ACTIVITY: Aside from the pictures, the entries should be given again exactly.

***** TASK INPUT *****

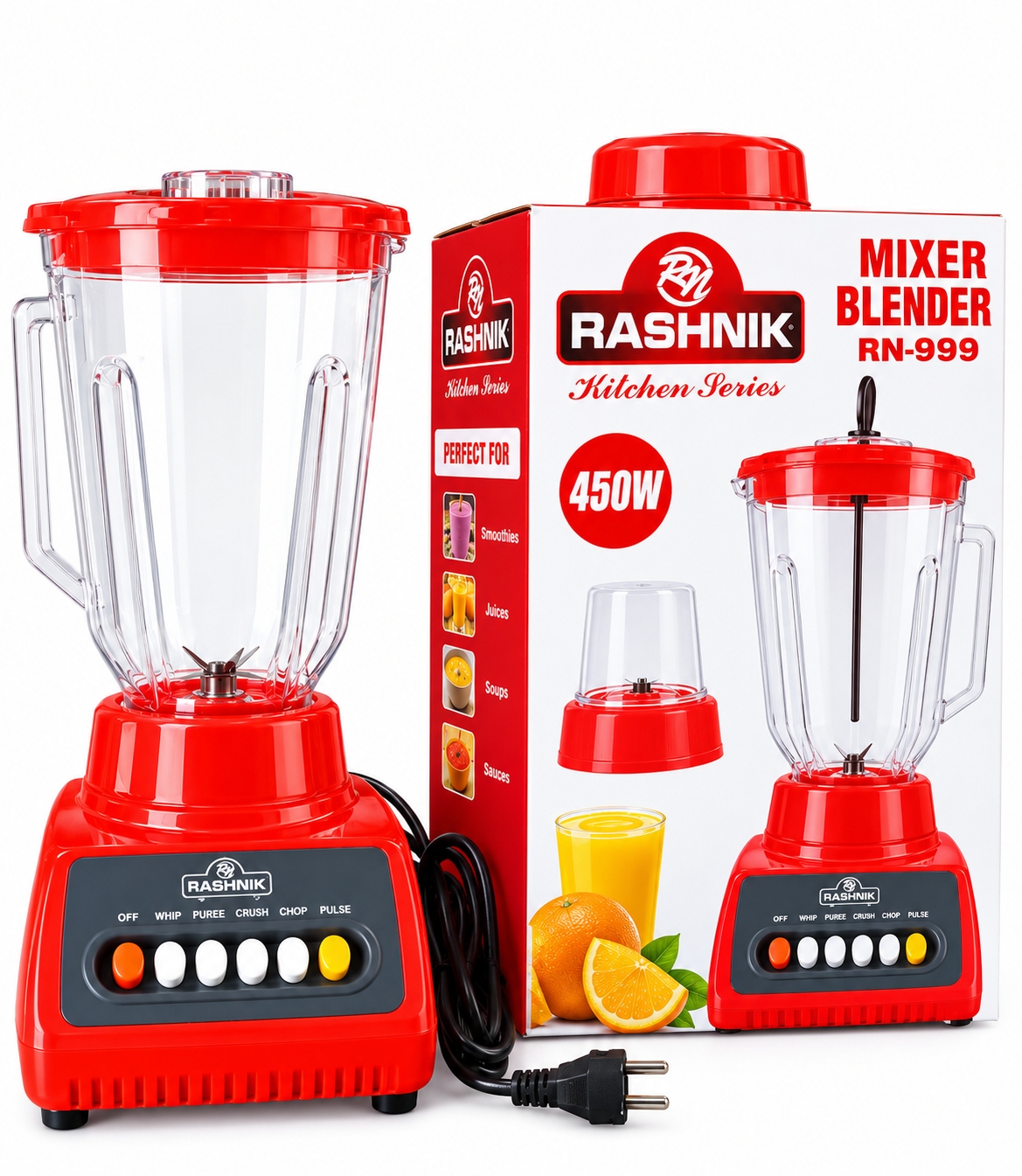 Rashnik mixer blender 450watts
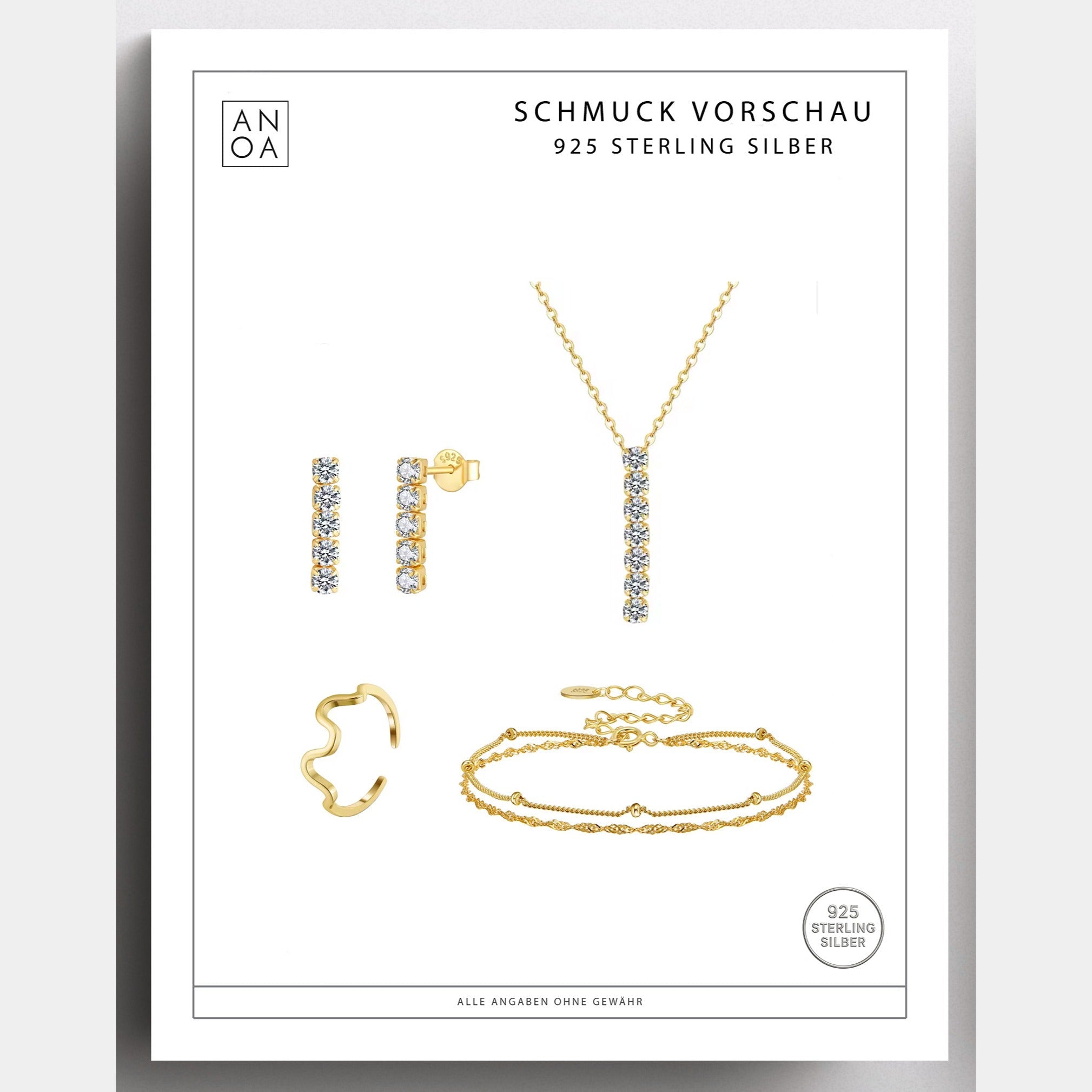 Anoa Adventskalender Schmuck 2025 - 4 Schmuckstücke (Für jeden Sonntag im Advent) - AnoaShop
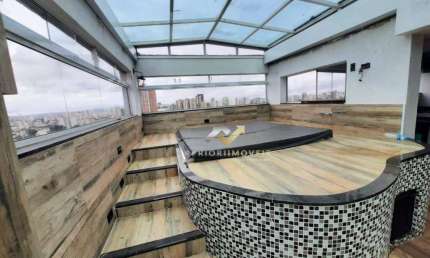 Cobertura com 3 dormitórios, 192 m² - venda por R$ 1.600.000,00 ou aluguel por R$ 7.700,01/mês - Campestre - Santo André/SP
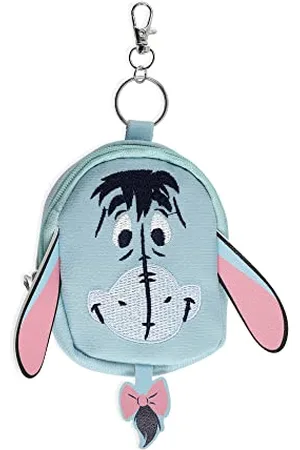 Disney Winnie The Pooh Eeyore Grey, Blue and Pink Mini Backpack Keychain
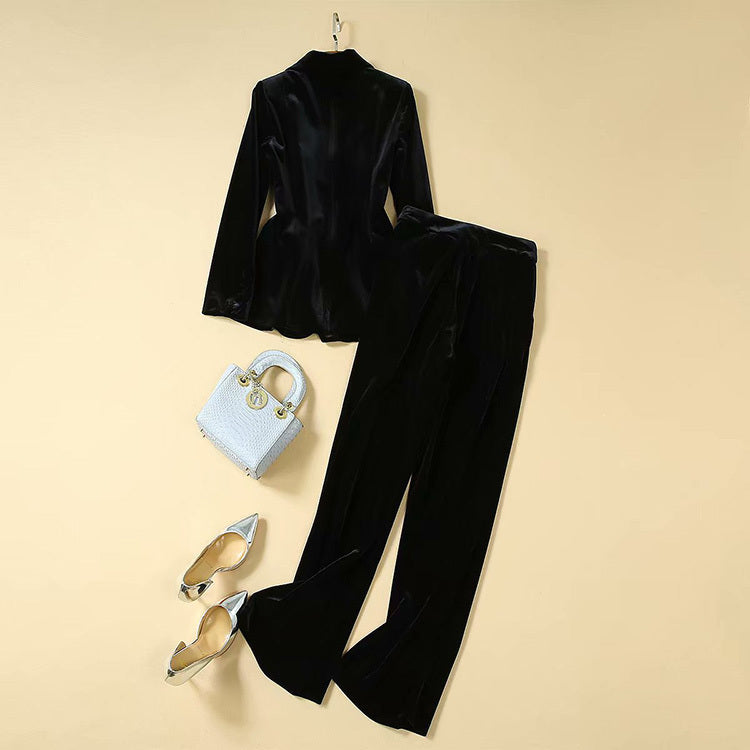 Velvet professional suit high-end women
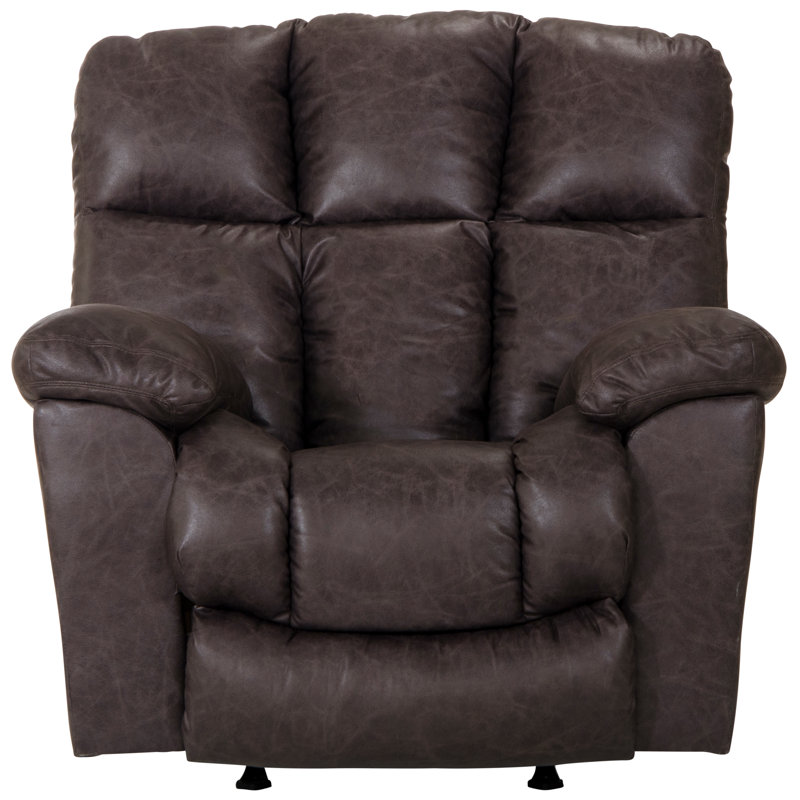 Fae Upholstered Recliner, Manual, Graphite
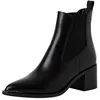 Image de Boots femme Tamaris en cuir, noir, 41 EU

*****

RESULT:
 Rashnik mixer blender 450watts
 Anoa Adventskalender Schmuck 2025 - 4 Schmuckstücke (Für jeden Sonntag im Advent) - AnoaShop
 Cobertura com 3 dormitórios, 192 m² - venda por R$ 1.600.000,00 ou aluguel por R$ 7.700,01/mês - Campestre - Santo André/SP
 Disney Winnie The Pooh Eeyore Grey, Blue and Pink Mini Backpack Keychain
 Velvet professional suit high-end women
 Fae Upholstered Recliner, Manual, Graphite
 Image de Boots femme Tamaris en cuir, noir, 41 EU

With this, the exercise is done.